Boringly stable, very open, and on the heavy side.

160T Solo
Thanks for your response, at my age I need boring and stable and also room to get in and out of. I have been soloing a Dagger Sojourn canoe using double paddle and thought this would help me keep up with you yakers…So I went out and bought a used one with rudder, not sure a rudder is needed, but it is there so I want to see if I can use it solo. Thanks again

watch out for the weight
I have no problem soloing our 160. The only issue I have with it is that its a handful to roof load. Its heavy but more than that, its just plain big.

Solo mine all the time
I don’t have a rudder, and paddle solo all the time. Flat lakes and rivers. As far as 95 miles solo on a 5 day trip.
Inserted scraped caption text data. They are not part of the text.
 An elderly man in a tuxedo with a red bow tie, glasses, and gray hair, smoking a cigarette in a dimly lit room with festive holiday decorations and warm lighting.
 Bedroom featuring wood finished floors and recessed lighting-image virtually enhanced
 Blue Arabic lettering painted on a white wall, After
Be aware that with a boat so long, trim will be important. If you are sigificantly out of trim, you will have trouble. The rudder will help.

Going into wind/waves, put more weight in front to point better into the wind. Move the weight back to avoid weathervaning too much into the wind.
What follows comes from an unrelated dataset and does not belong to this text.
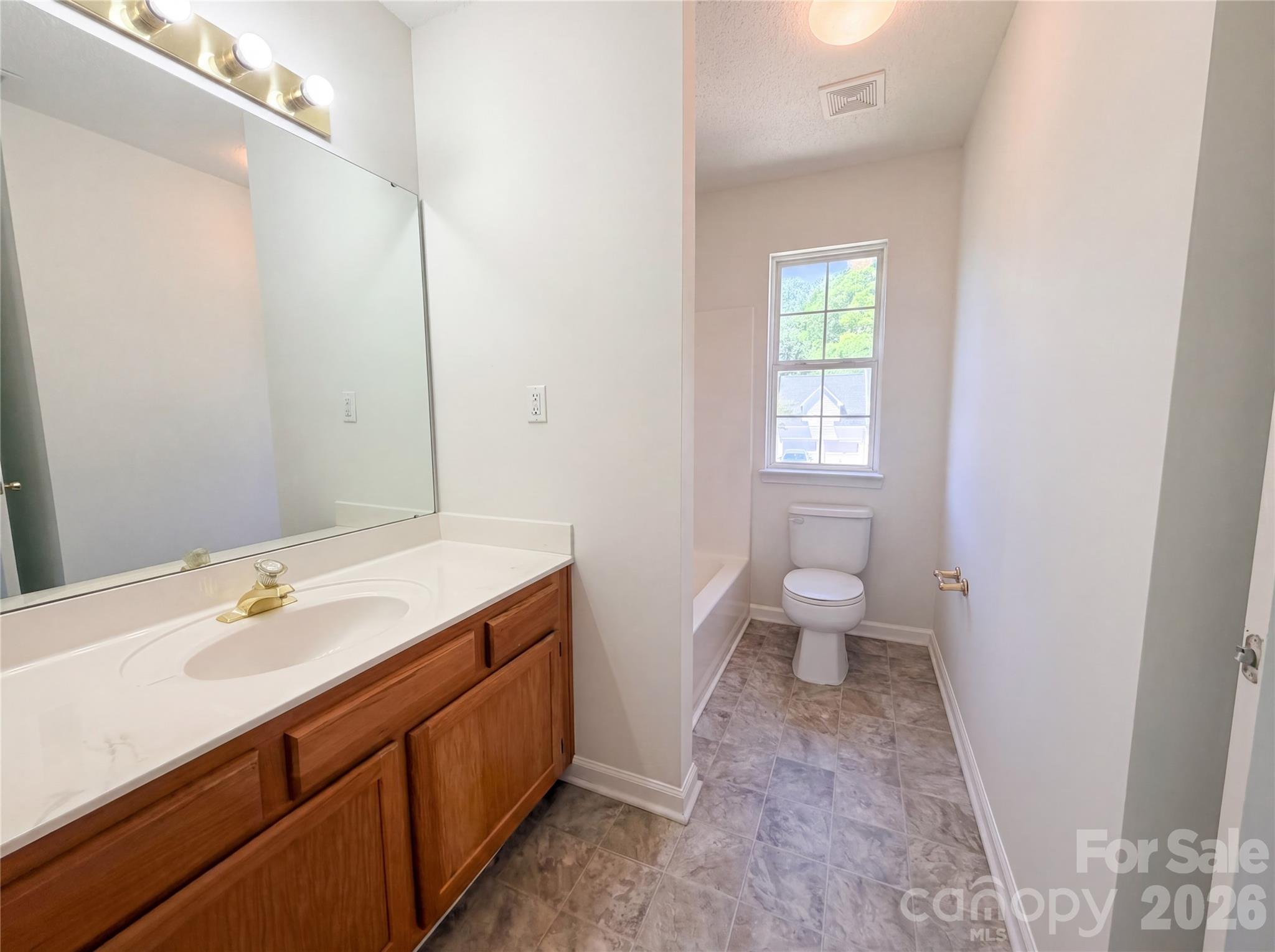 7423 Henderson Park Road Huntersville, NC 28078 - Photo 15 of 16 a bathroom with a sink a toilet and a window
Avoid paddling in extremely windy conditions and in bigger waves.

160T Solo
Hi,Michigansnorkler, that is great 95 miles in 5 days, is good. Can you please tell the your exact location of the seat when you solo your 160T. I assume it would be middle of seat at center of Kayak. Thanks for your help.


Seat Position

– Last Updated: Oct-13-06 11:17 PM EST –

Most of the time I sit in the rear seat, pushed slightly forward. This has several advantages.
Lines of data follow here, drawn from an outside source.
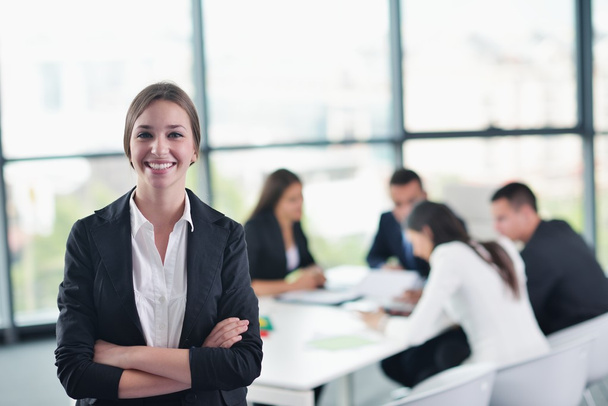 Business woman with her staff in background at office - Photo, image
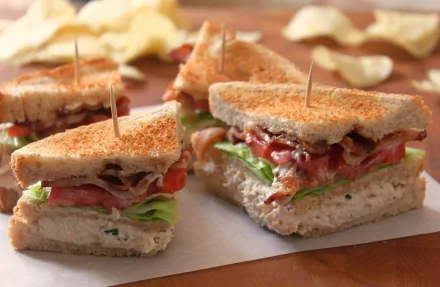 A delicious assortment of sandwiches made with fresh ingredients, presented as a high-definition desktop wallpaper, complemented by a background of potato chips.
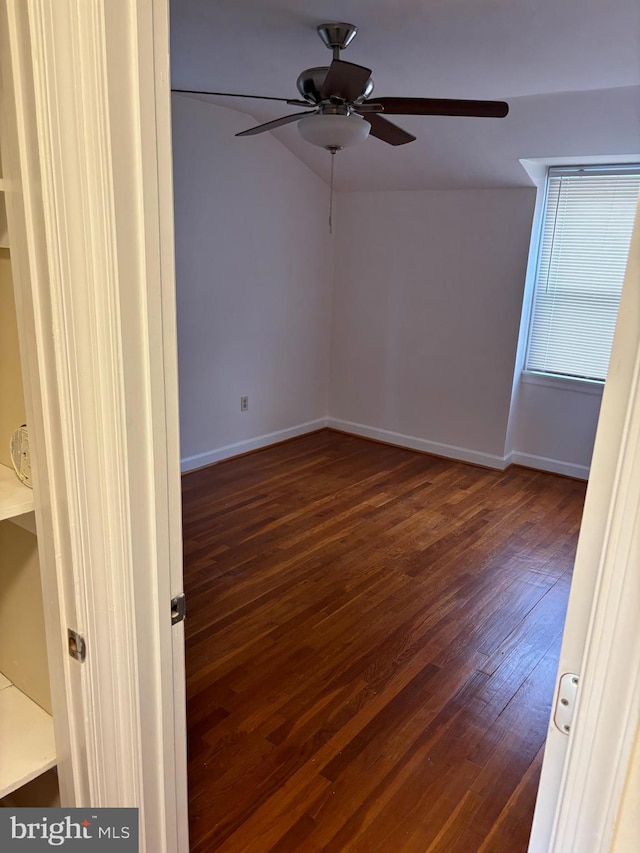 spare room featuring ceiling fan, dark hardwood / wood-style floors, and vaulted ceiling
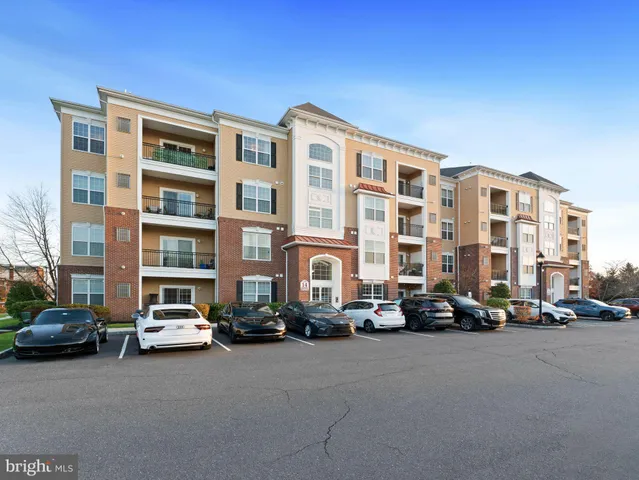 a front view of a residential apartment building with cars parked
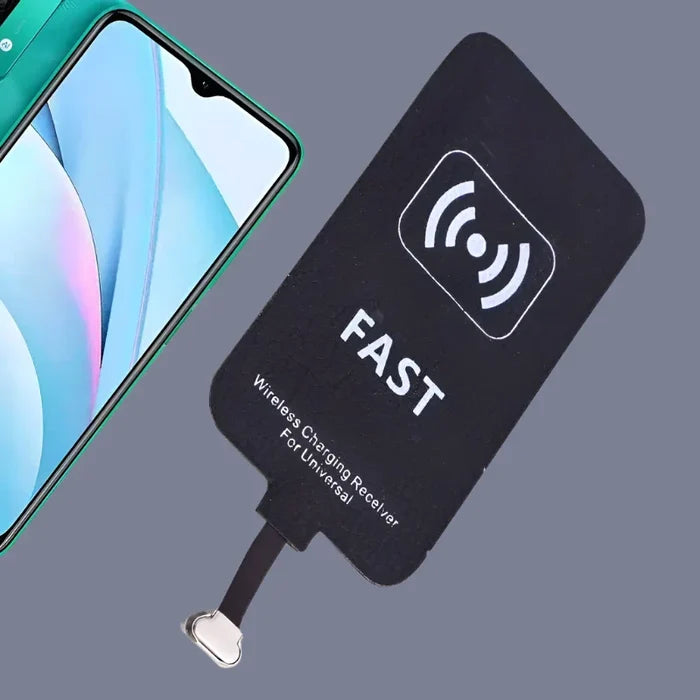 a close up of a cell phone with a fast wireless receiver attached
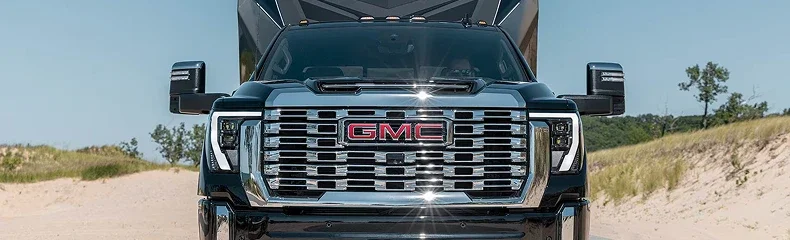 Head-on view of a GMC Sierra HD Denali chrome grille with a travel trailer hitched behind it on a sandy track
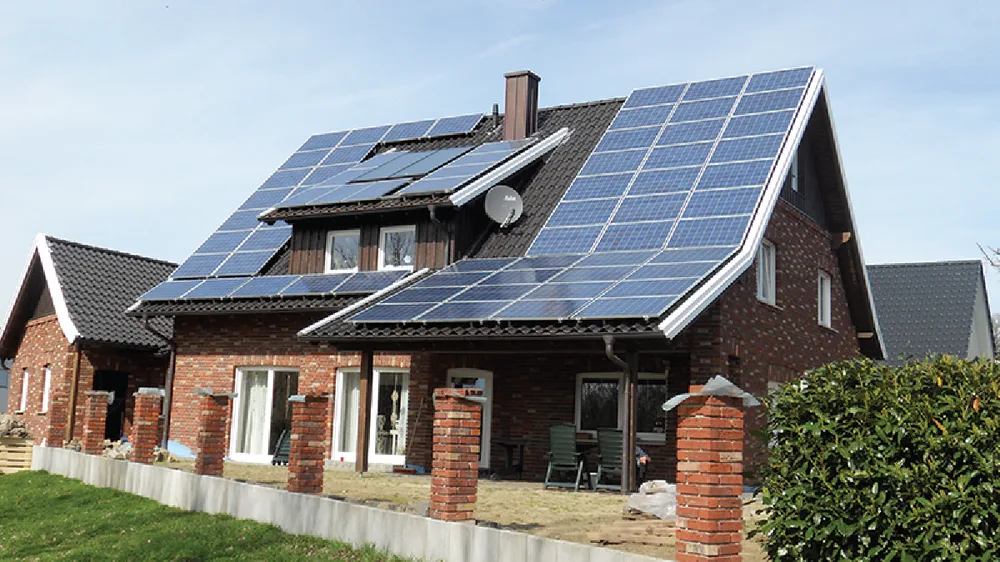Figure 4.9 Although solar panels can reduce your carbon footprint, the tiles are much more expensive than standard roofing tiles. (credit: “Typical Solar Installation” by Tim Fuller/Flickr, CC BY 2.0)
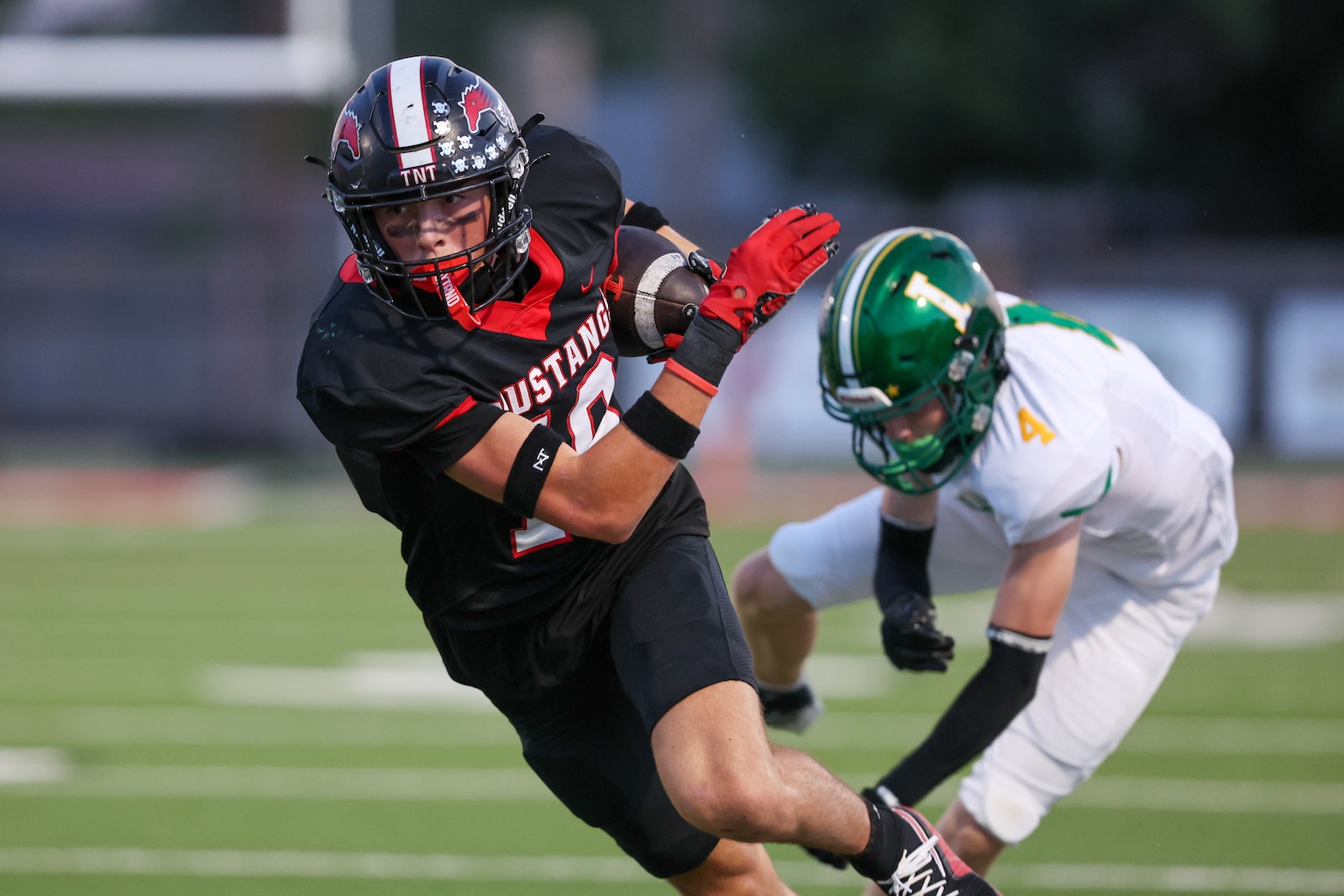 Seabolt Chase-17612 | Press Pass Sports Football player in black Mustang jersey (number 2) breaks a tackle while holding the ball, as a defender in white/green closes in.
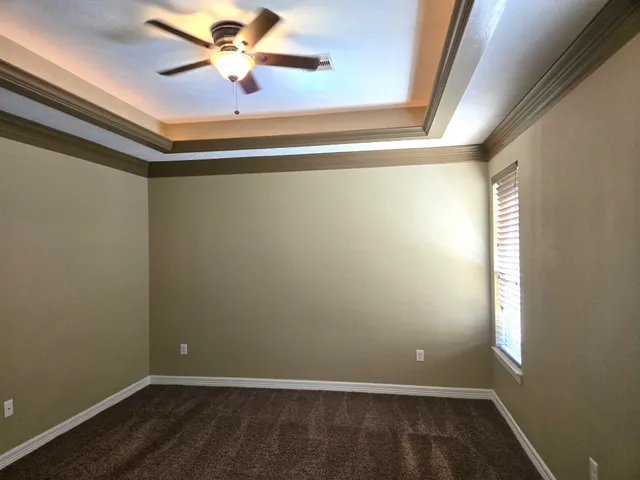 a view of room with window and a ceiling fan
First, it is much easier to make turns from that position. I can reach back and use the paddle as a rudder for correction strokes if needed.

With more weight in back, the pivot point of the boat is further aft. Any course adjustments from that position are easier and more effective than if I sit in the front seat.

And, going downriver, the boat will generally maintain position when you rest and just go with the flow. If you sit in front, the boat will want to turn around.

But, trim is important in wind and waves. Going INTO wind/waves for any length of time, I find it much easier to sit in the front seat to prevent weathervaning away from the wind. In fact, in strong wind/waves it can be virtually impossible to turn the boat into the wind/waves sitting in the rear seat!

But going WITH the wind or waves, it is better to sit in the rear seat for the same reason.

Just remember, the heavier and deeper end of the boat will try to stay put, while the lighter and shallower end will turn away from the wind/waves.

With the wind/waves off your beam, you'll often find a strong tendency for the boat to veer off course, either into or away from the wind/waves. Sliding your seat or shifting weight fore/aft even a little can make a tremendous difference in the effort needed to maintain course.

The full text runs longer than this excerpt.